EXERCISE: Copy every record word for word. The images stay behind.

AVAILABLE DATA:
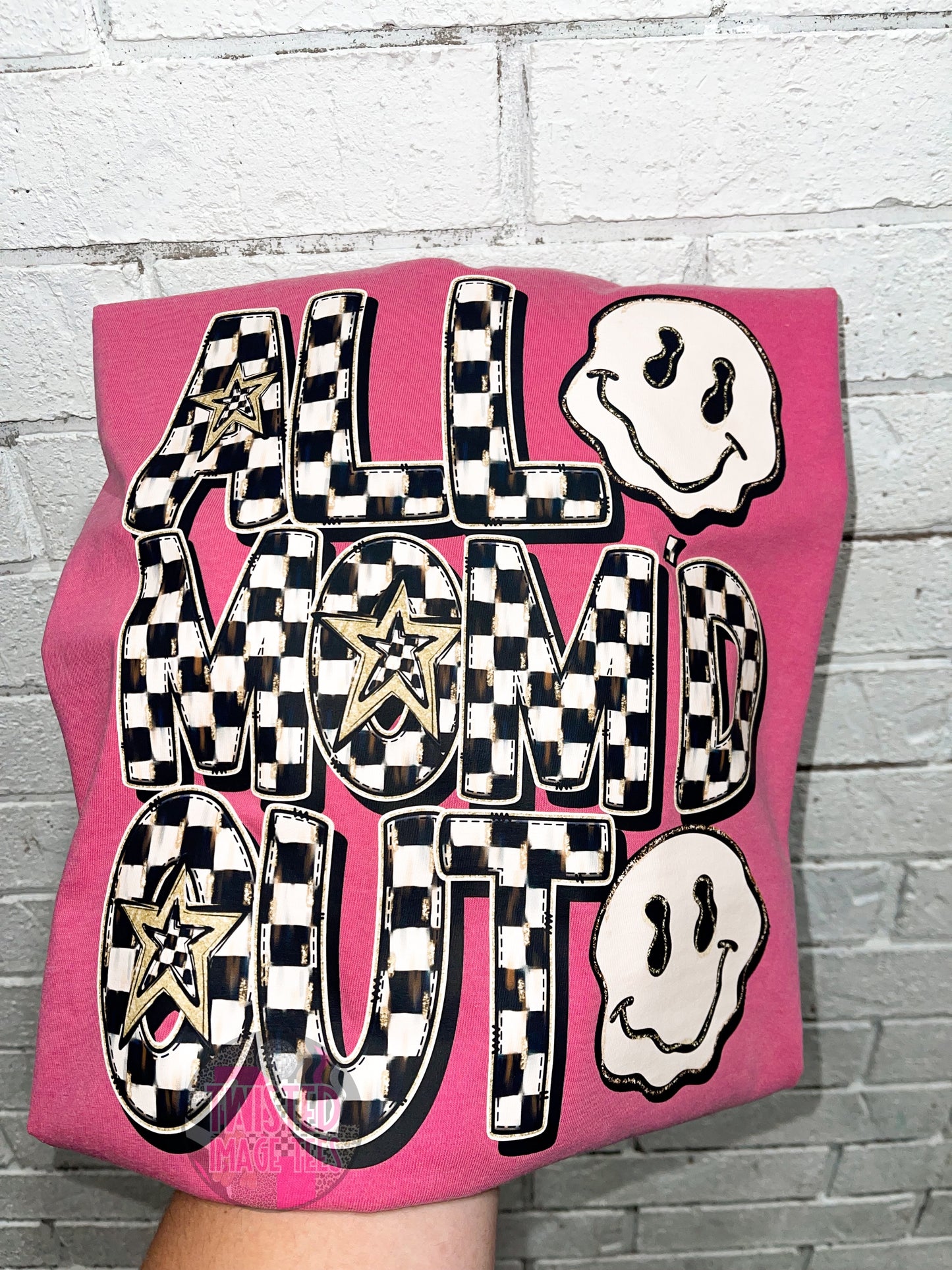 ALL MOM'D OUT Tee (DTF)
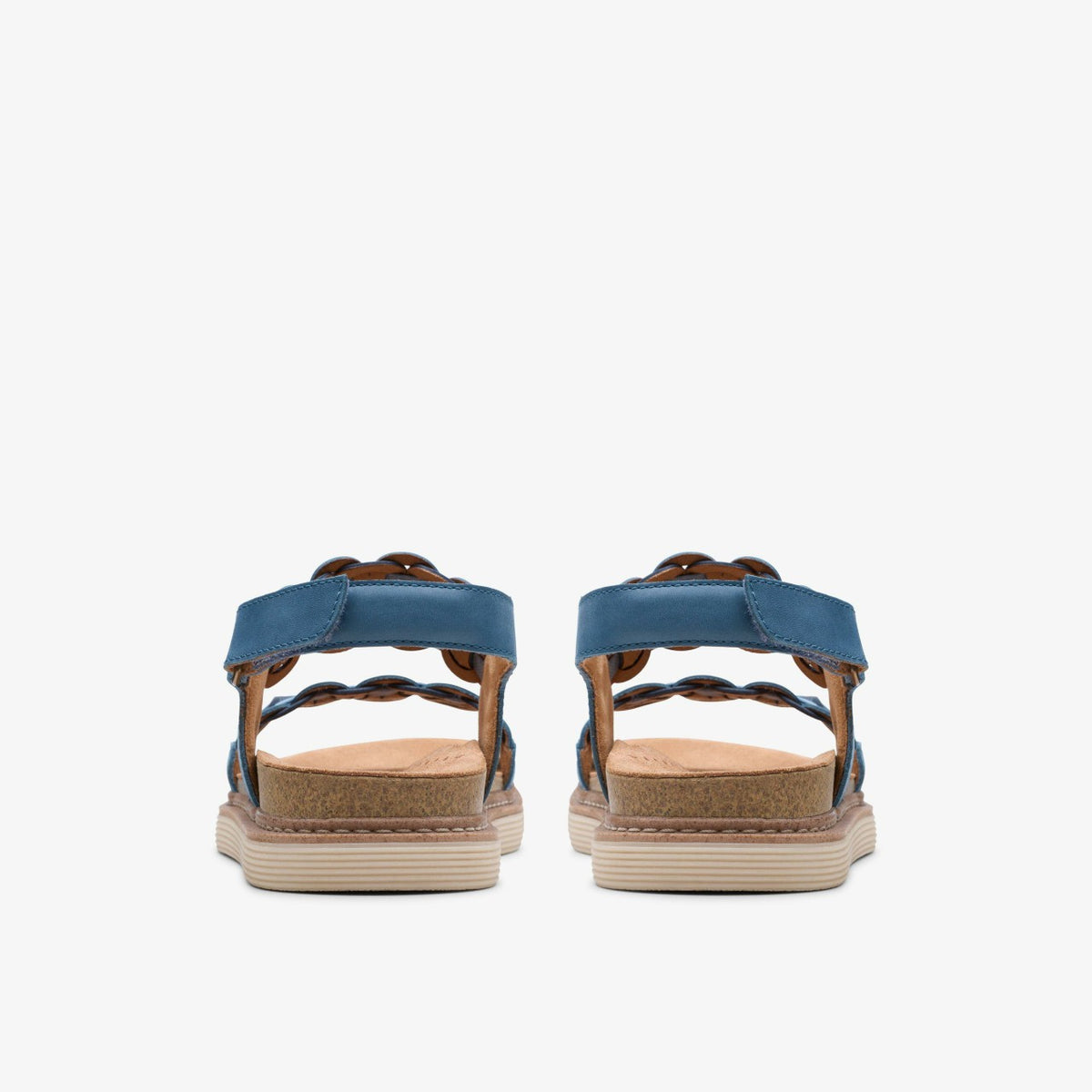Clarks Latest / Arwell Glide Blue Combination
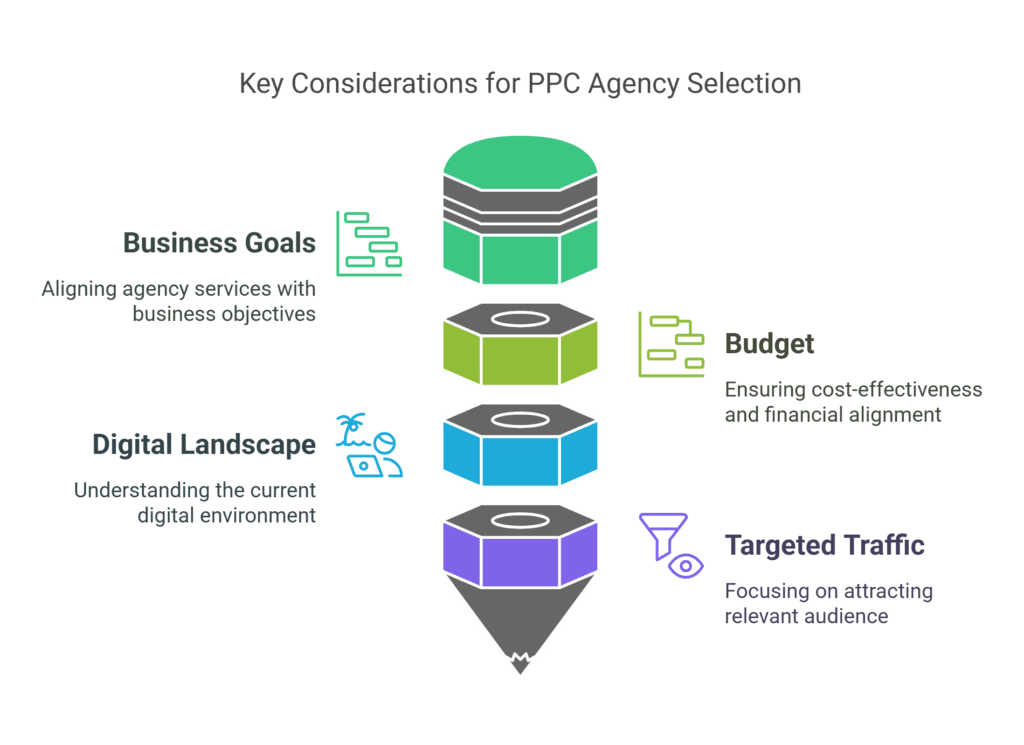 How to Choose the Best PPC Agency in Mathura - visual selection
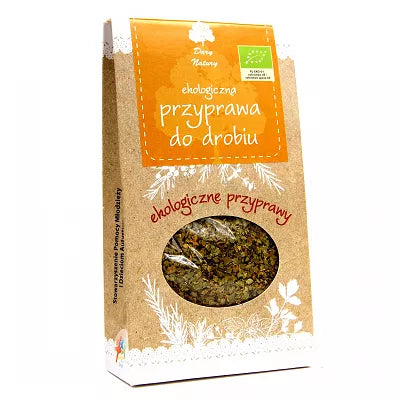 DARY NATURY Przyprawa podlaska do drobiu (30g) - BIO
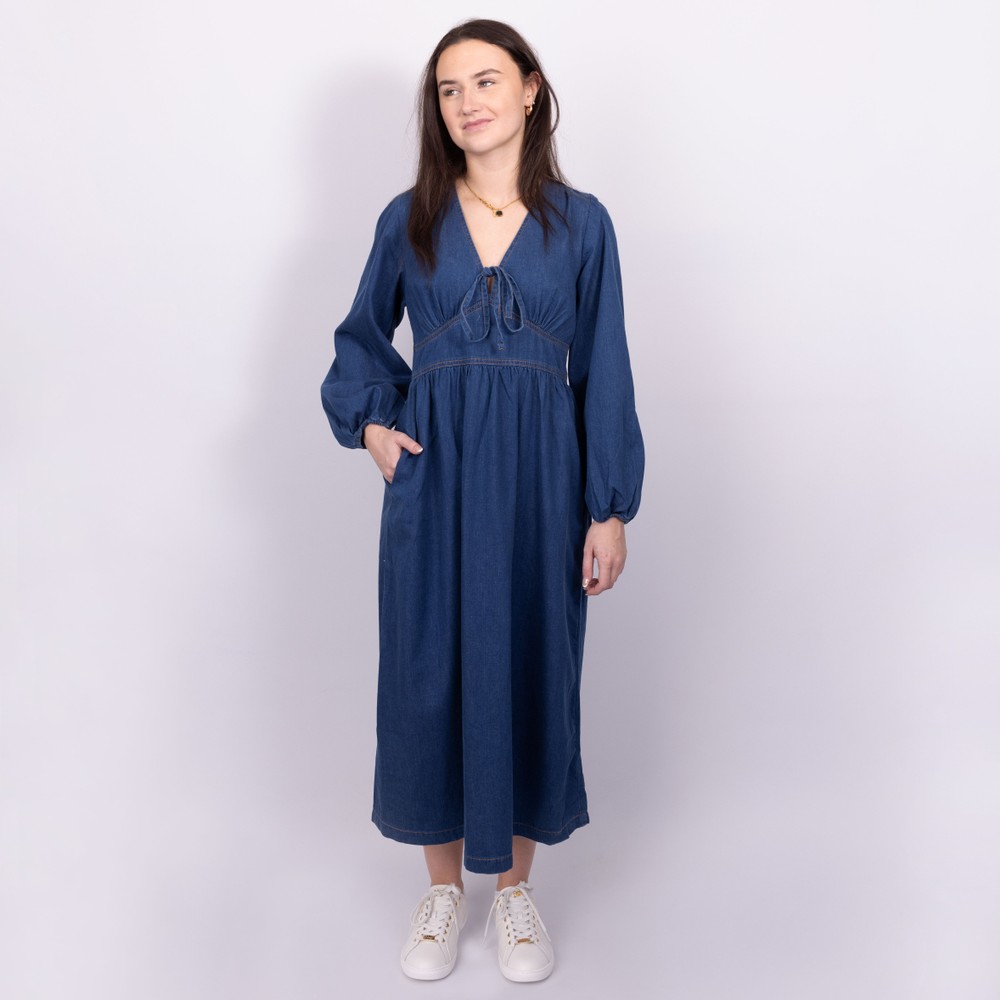 carson midi dress The Carson Button Up Midi Dress – J.Marie Collections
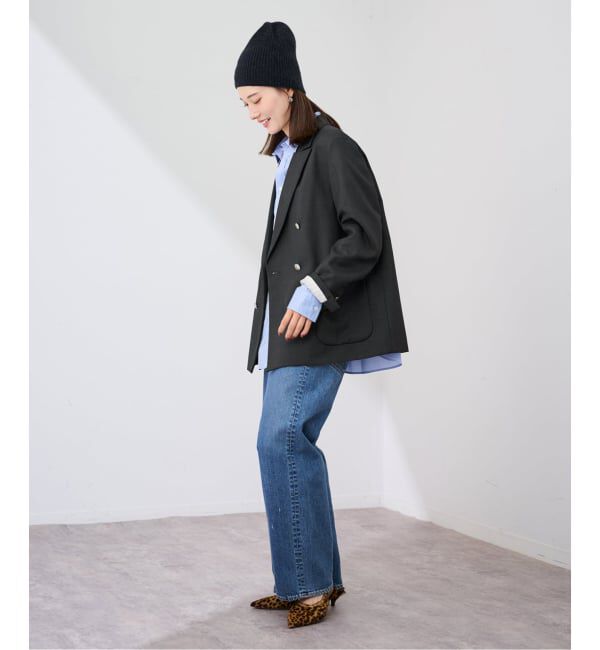 FRAMeWORK「≪追加≫TWRカルゼDBジャケット 3」|テーラードジャケット|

ANSWER SECTION:
 ALL MOM'D OUT Tee (DTF)
Clarks Latest / Arwell Glide Blue Combination
 How to Choose the Best PPC Agency in Mathura - visual selection
 DARY NATURY Przyprawa podlaska do drobiu (30g) - BIO
 carson midi dress The Carson Button Up Midi Dress – J.Marie Collections
 FRAMeWORK「≪追加≫TWRカルゼDBジャケット 3」|テーラードジャケット|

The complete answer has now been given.